WHAT THE TASK ASKS: Transcribe, exactly and without pictures, the lines below from the line with "Poison Drop открывает" to the line with "Available Now! Come", both ends included, and no others.

--- RECORDS SUPPLIED ---

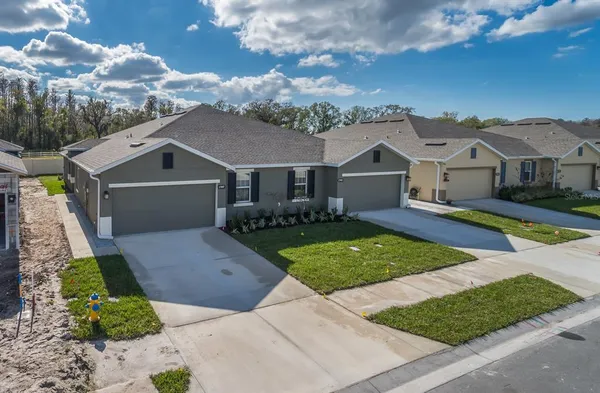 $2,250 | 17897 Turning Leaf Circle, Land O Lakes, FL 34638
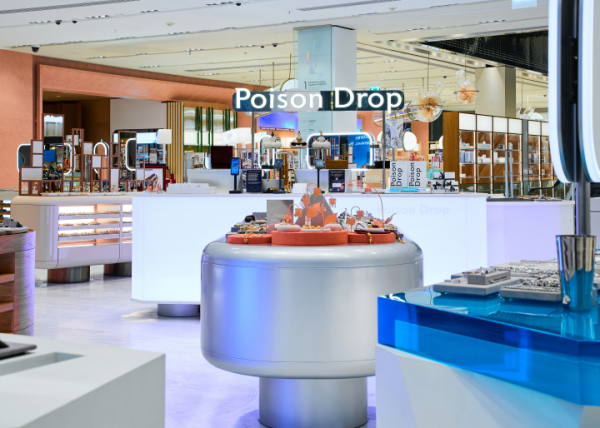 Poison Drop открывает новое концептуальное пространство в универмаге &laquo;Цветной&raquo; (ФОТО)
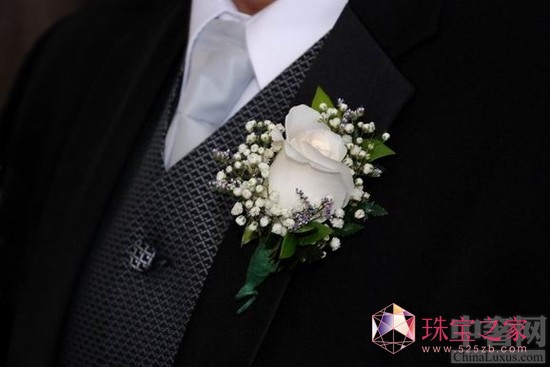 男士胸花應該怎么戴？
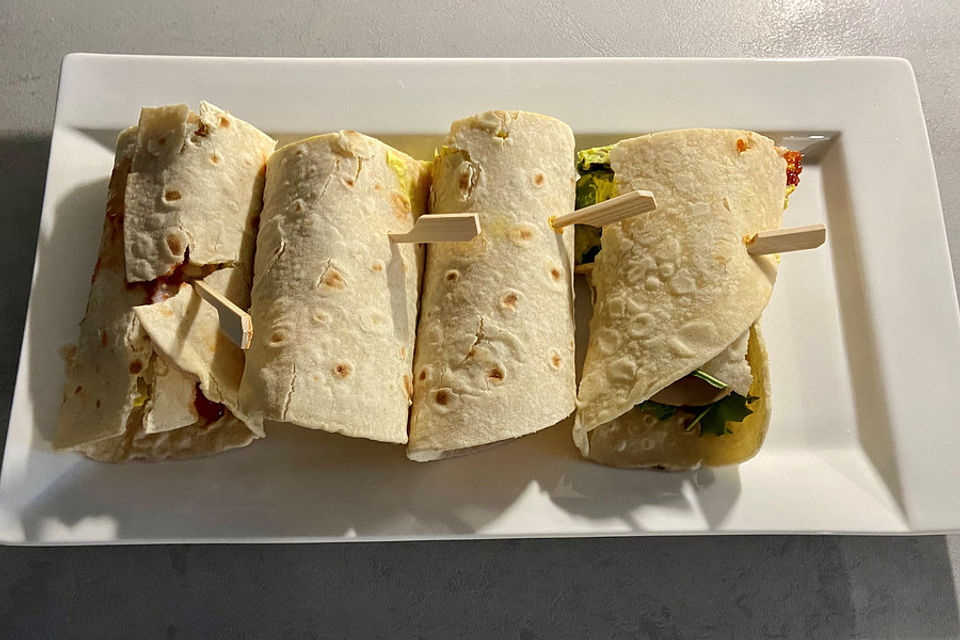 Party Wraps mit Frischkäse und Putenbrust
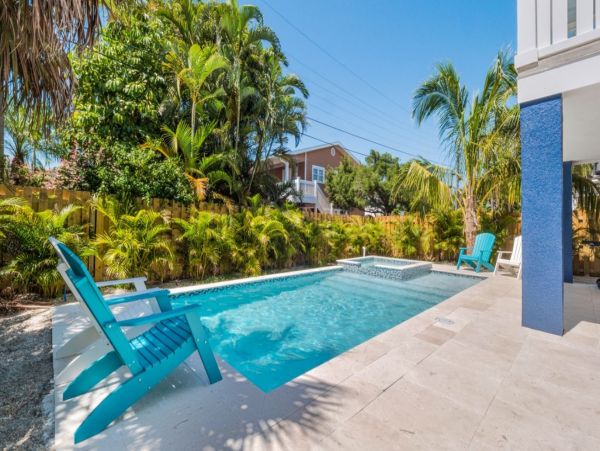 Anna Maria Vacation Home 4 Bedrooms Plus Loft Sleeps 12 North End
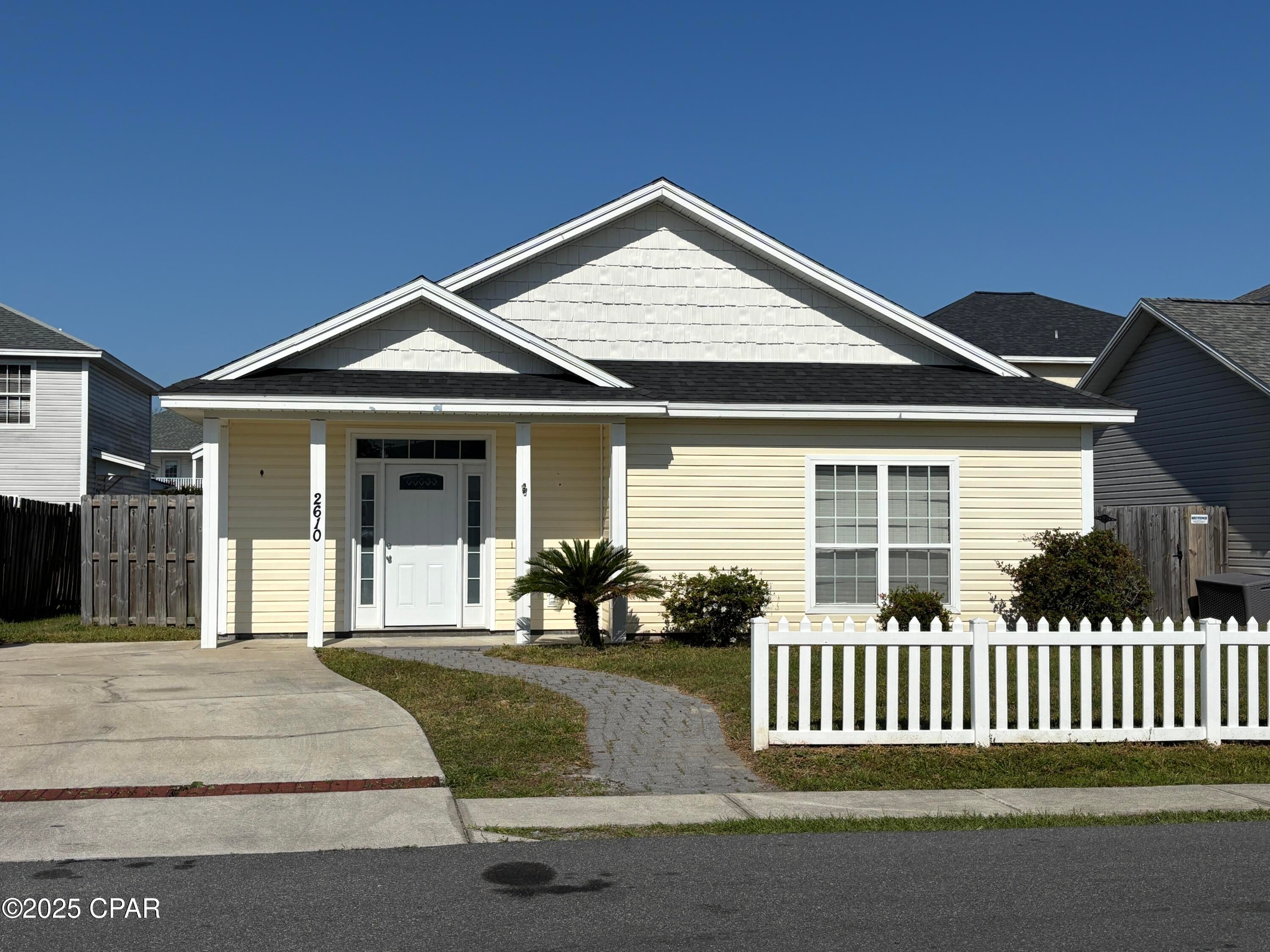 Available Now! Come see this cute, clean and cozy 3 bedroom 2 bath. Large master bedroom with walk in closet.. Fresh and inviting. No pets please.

---
--- RECORDS SUPPLIED ---

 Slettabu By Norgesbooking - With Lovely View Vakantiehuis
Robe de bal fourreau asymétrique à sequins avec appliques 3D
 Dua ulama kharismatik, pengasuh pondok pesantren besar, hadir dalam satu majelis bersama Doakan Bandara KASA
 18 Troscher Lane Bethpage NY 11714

---

WRITTEN ANSWER:
 Poison Drop открывает новое концептуальное пространство в универмаге &laquo;Цветной&raquo; (ФОТО)
 男士胸花應該怎么戴？
 Party Wraps mit Frischkäse und Putenbrust
 Anna Maria Vacation Home 4 Bedrooms Plus Loft Sleeps 12 North End
 Available Now! Come see this cute, clean and cozy 3 bedroom 2 bath. Large master bedroom with walk in closet.. Fresh and inviting. No pets please.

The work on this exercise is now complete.